What’s fantastic is that most of these areas are built to real-life scale to give them more authenticity, from the town at large to the many buildings you can enter. Artificial boundaries naturally limit your character to a few paths – streets in Silent Hill suddenly stop and drop into the abyss, as if the patch of ground you’re walking on is removed from normal space and time, and so often doors inside structures have magically broken locks that can never be pried open. Yet this nonsensical approach is sensical considering the alternate reality James is treading on. Clearly he’s not in Kansas, so why should the world around him have some sort of logic?

Survival Horror 101

Silent Hill 2 isn’t far removed from its predecessor as far as gameplay, which is fantastic if you love survival horrors, but again it is marred by the usual console porting culprits.
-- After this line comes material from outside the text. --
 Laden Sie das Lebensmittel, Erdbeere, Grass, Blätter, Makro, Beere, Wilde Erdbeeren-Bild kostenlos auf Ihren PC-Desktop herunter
The camera can be sheer torture when walking around tight enclosures. Although you do have some degree of control over it, it’s not uncommon for it to lock in place when you’re trapped in a corner (or when a fixed external camera is employed) thereby obscuring potential monsters right in front of your character. Thank goodness for the radio, a clever little device that emits static whenever monsters are nearby, an effect that is both useful and very creepy.

36But monsters are surprisingly mild mannered despite their menacing appearance. You can simply run past them when on the streets, and inside you need them dead because they’re blocking your path. Combat is generally clunky, especially if you’re resorting to non-projectile weapons, and the repetitive repertoire or three or so monsters throughout the game eventually wears one down. But it’s definitely worth learning the controls in the end. Deep and thoughtful in its gloomy presentation, with interesting characters and a moving soundtrack, Silent Hill 2 is an absolute classic of a survival horror.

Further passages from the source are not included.